'Very excited about the prospects for this': Clean-water crops take center stage
Event attendees pose for a group photo following a facility tour at Albert Lea Seed.
We describe the clean-water crops emerging from the Forever Green Initiative as win-win, with benefits aplenty for both the environment and farmers.
It turns out Minnesota's top agriculture official feels similarly.
"I am very excited about the prospects for this," Commissioner Thom Petersen told a crowd of state lawmakers, growers, researchers and business leaders at an event in Albert Lea last month.
The group had gathered at Albert Lea Seed to learn about the rapidly expanding market for these continuous living cover crops, and to get a firsthand look at the role Minnesota's businesses play in getting them from University of Minnesota labs to farm fields across the state. FMR, as a member of the Forever Green Partnership, helped organize the afternoon event, which included an agricultural field presentation and a behind-the-scenes tour of the facility.
Sen. Torrey Westrom (R-Elbow Lake) is chair of the Minnesota Senate's Agriculture and Rural Development Finance and Policy Committee.
On full display was the same bipartisanship that resulted in new funding for the Forever Green Initiative and value chain development grants this past legislative session. In attendance were Sens. Torrey Westrom (R-Elbow Lake) and Gene Dornink (R-Brownsdale), as well as Reps. Ginny Klevorn (DFL-Plymouth), Samantha Vang (DFL-Brooklyn Center) and Peggy Bennett (R-Albert Lea).
The state legislators engaged in the discussion with presenters and panelists, exploring the current state of these crops, recent successes and the road ahead.

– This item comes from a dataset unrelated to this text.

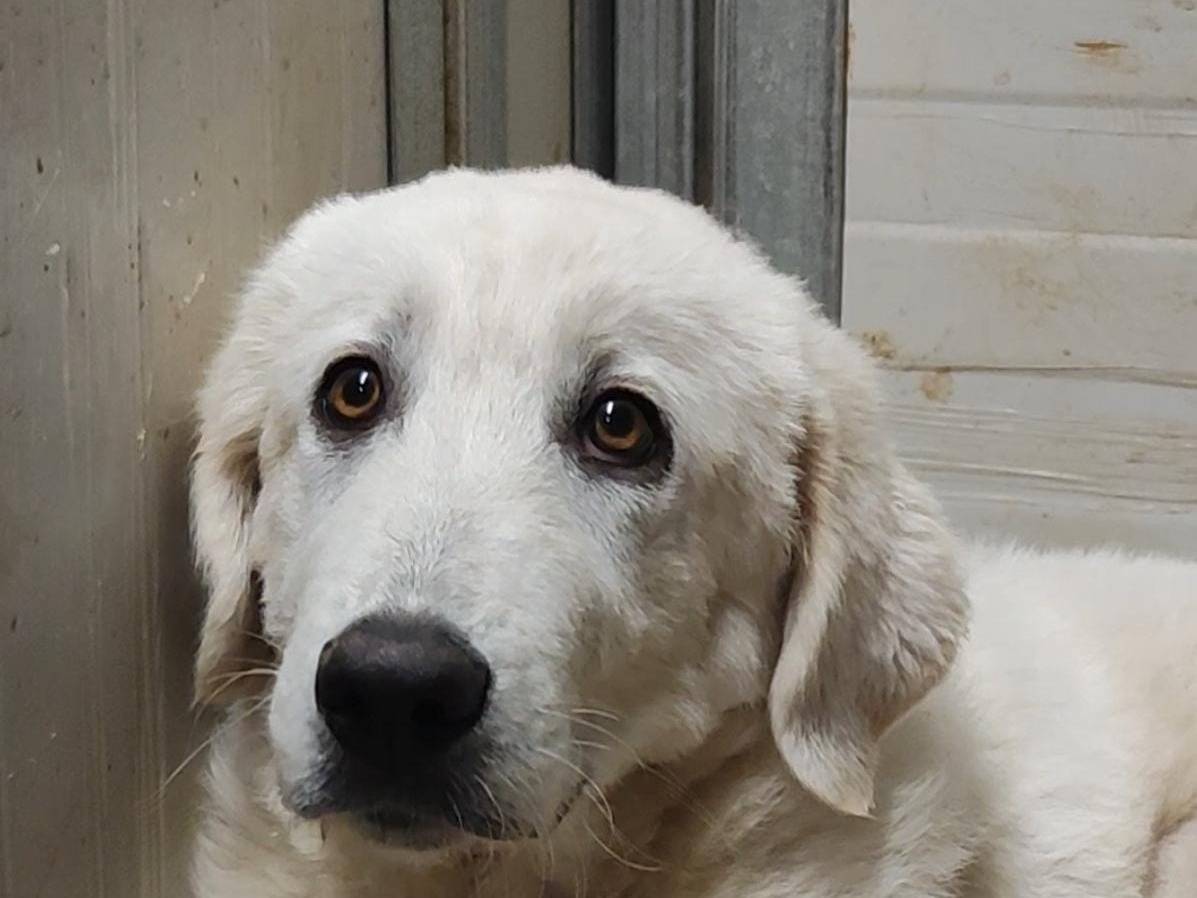 Adotta un cane, maschio, 4 mesi, Trapani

"It's not always easy with new seeds. Or commercializing anything new," Colin Cureton, director of adoption and scaling at the Forever Green Initiative, told the crowd. Noting the support from legislators and business partners, he highlighted the "tremendous" interest of late in oilseeds such as winter camelina.
Xinmin Deng, middle with teal shirt, answers a question from facilitator Cecilia Calvo, director of advocacy and inclusion with Minnesota Environmental Partnership. To his right is Matt Leavitt, agronomist and organic team lead at Albert Lea Seed; to his left, Reginaldo Haslett-Marroquin, founder of Regenerative Agriculture Alliance.

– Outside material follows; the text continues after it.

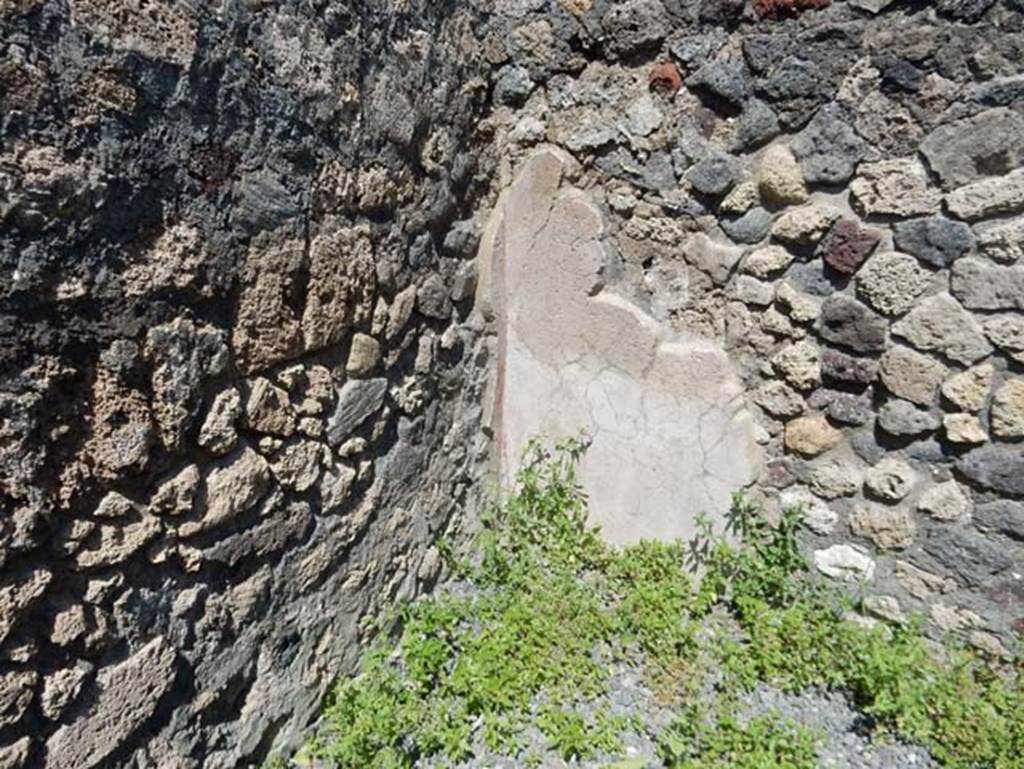 VIII.2.14 Pompeii. May 2018. Remaining painted plaster in north-east corner of a rear room. Photo courtesy of Buzz Ferebee.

A winter annual, camelina can be planted late in the growing season — providing living cover on the soil from fall through the following spring, months the ground would normally be bare and a significant source of runoff pollution.
Xinmin Deng, a senior principal scientist at Cargill, described winter camelina as a "Cinderella crop."

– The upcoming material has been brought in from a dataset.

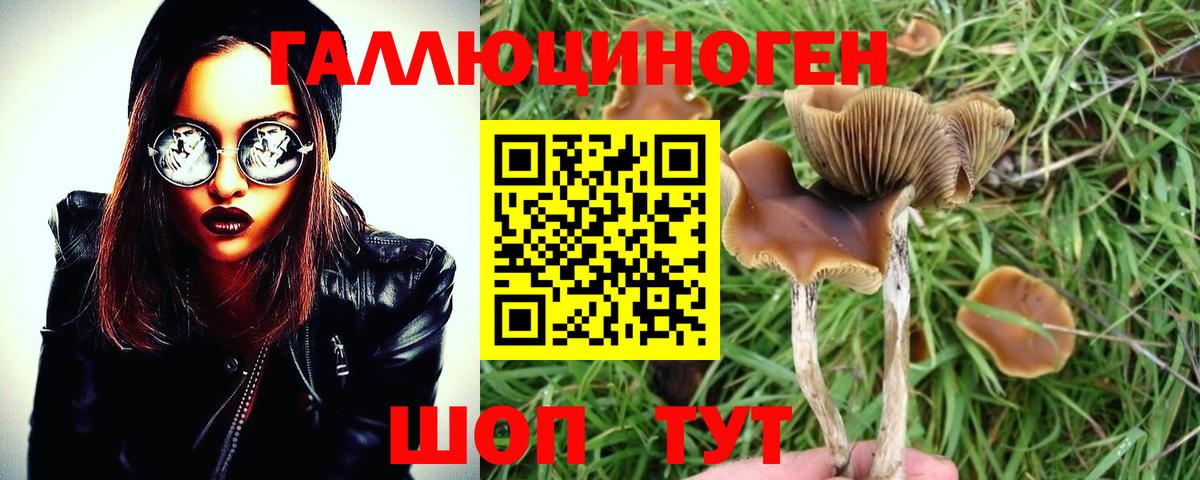 Псилоцибиновые грибы Cubensis Череповец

"Camelina is a good crop for biofuel," he said. Not only that, it also shows real promise in both the forage, food and bioplastics spaces.
Albert Lea Seed President Mac Ehrhardt gives attendees a behind-the-scenes tour of the business' new seed processing facility.
The combination of rapid crop advancements and across-the-aisle support has generated recent media attention, on the heels of last spring's New York Times feature.
The legislative event was featured in the news by the Rochester ABC affiliate KAAL and Forum News Service's Agweek. Shortly after that, the Star Tribune published a long feature about Forever Green, exploring how "year-round crops could reduce farm pollution in the Mississippi River."